6 thoughts on “Gender Dysphoria Among Youth”

  1. As somebody wrote recently, possibly on this site, this seems like teenagers, primarily teenage girls, not so subtly pressuring each other into this, like they used to do (and probably still do) with anorexia. It is the same sort of thing that causes young people to “come out of the closet” in a very pubic way, only to walk down the aisle with a member of the opposite sex three years later.

    Maybe we need to be just a little less supportive of these things. It doesn’t have to be antagonistic, but instead of saying “That’s wonderful!,” we might reply “Really? Have you thought all this through?” Of course they have, but you might cause them to give it yet another think.

  2. Social media is amplifying in the youth culture a phenomenon that is real but what everyone seems to forget is extremely rare. I support parental involvement in these decisions. If the child cannot get parental support they must either seek legal emancipation or wait until they are a legal adult. Clinics and schools should never operate behind a parent’s back on such a key issue.

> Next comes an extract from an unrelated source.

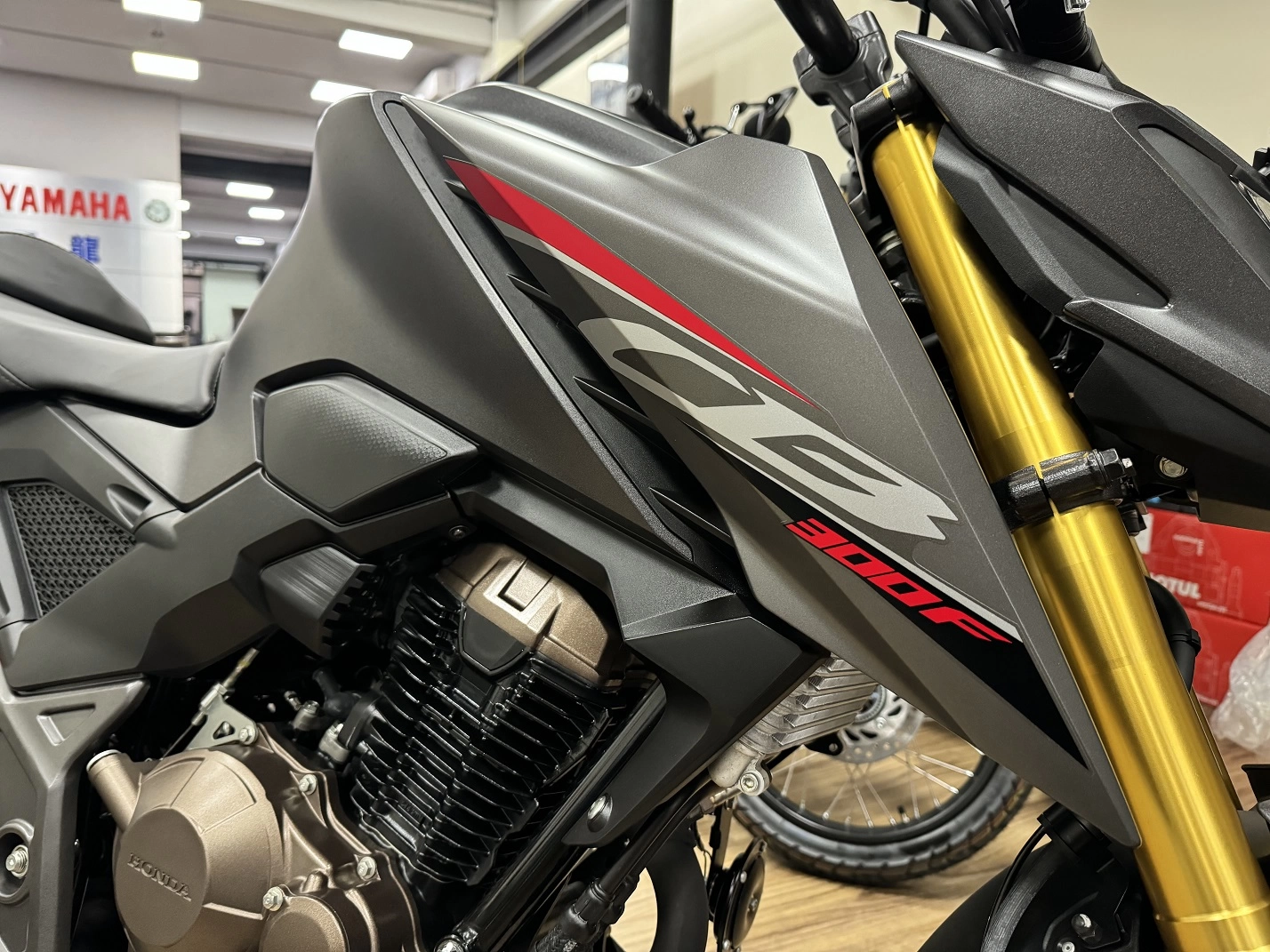 Honda/本田 CB300F 2022款 車輛照片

  3. Many years ago, in the days of Tubgirl and Lemon Party, there was a “Body Modification e-zine” that was even worse, because it was by and for people who were obsessed with lopping off their own body parts, such as using a pair of dykes to cut off their fingers, joint by joint, or split their tongue or nether regions in half with a scalpel.

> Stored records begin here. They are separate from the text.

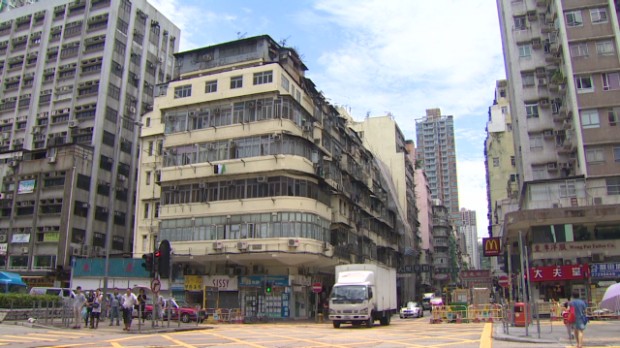 Hong Kong's housing at its worst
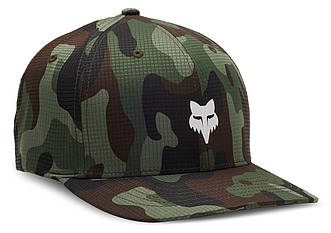 Кепка FOX HEAD TECH FLEXFIT HAT [Green], L/XL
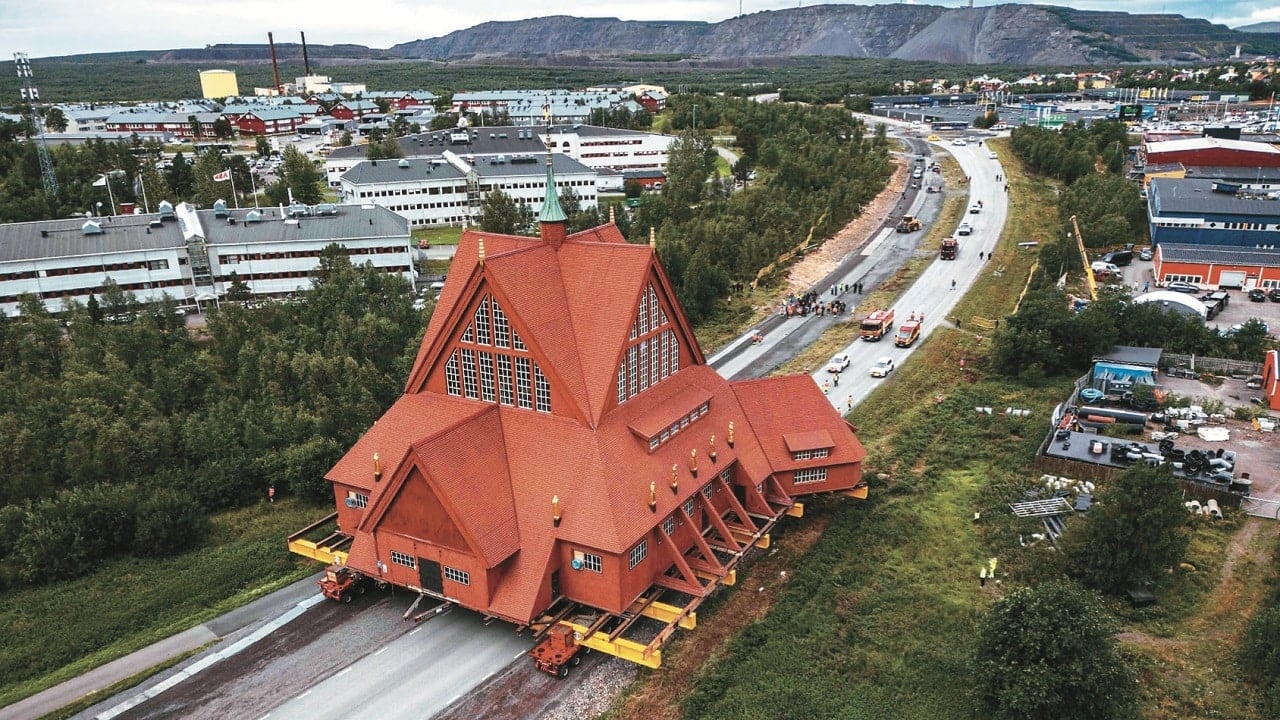 Kiedy nieruchomości są ruchome: miasto prosi o pomoc w „przeprowadzce”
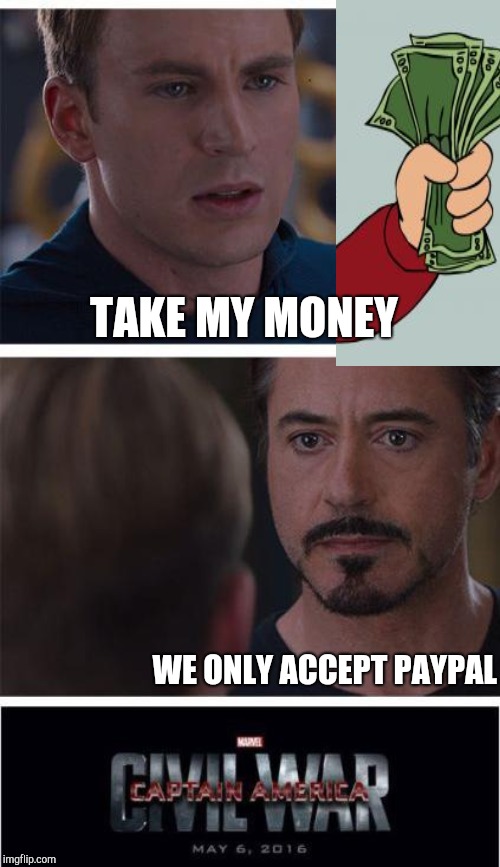 Image tagged in marvel civil war man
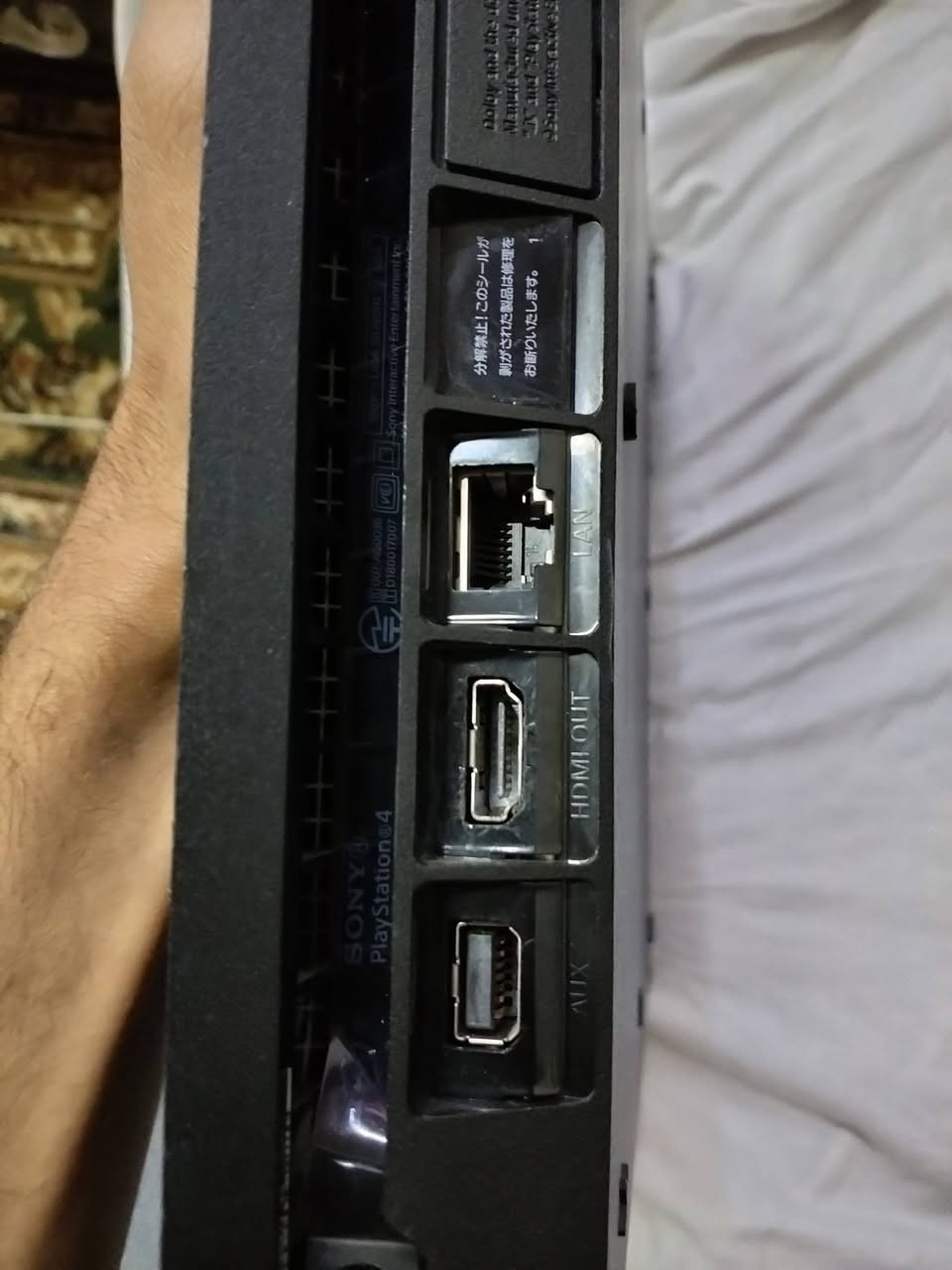 السلام عليكم بلي فور مهكر نظام 11 تهكيره قطعه استخدامه 4 اشهر ممفتوح شرط مابيعك اذا ماتفحص الجهاز وياه يو بي اس و4 يدات تجاريات كيبلات شحن 2 وهارد خارجي 300 كيكه ومنصب بي كيم باتو اي لعبه تريدها تنزلها بلاش وبي 6 العاب سعره 300 قفل مكاني نجف توصيل ماعندي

    And in prior DSM manuals, gender dysphoria was a category of body dysphoria, right along with people who wanted to be amputees, and who went around to hospitals trying to convince doctors to cut their legs off.

    Yet the idea of getting your bits lopped off went mainstream, when it should’ve just landed people in a mental hospital as a danger to themselves and others, as such people also try to convince other vulnerable and confused people to do the same thing.

  4. Meh, we’ve been here before. We’ve already started heading into what could easily be called Crazy Years. The late 60s, the 1920s, around 1850, we periodically go through times when what seemed absurd but a generation before become more widely adopted by broader society, if only for a short while. Ceci n’est pas un pipe. Eventually everyone comes around to a “WTF was I thinking?” moment, but the damage will have been done.

    Things will be absurd and weird for a while, then will be the hangover, which always sucks (the 1970s, the 1930s, 1860s in U.S., 1870 in Europe, &c.), we’ll probably have a nasty war, and eventually things will start getting better. Like Moties, we seem to be locked into cycles of creation and destruction that we can’t rise above, even if we’re supposedly better as a civilization.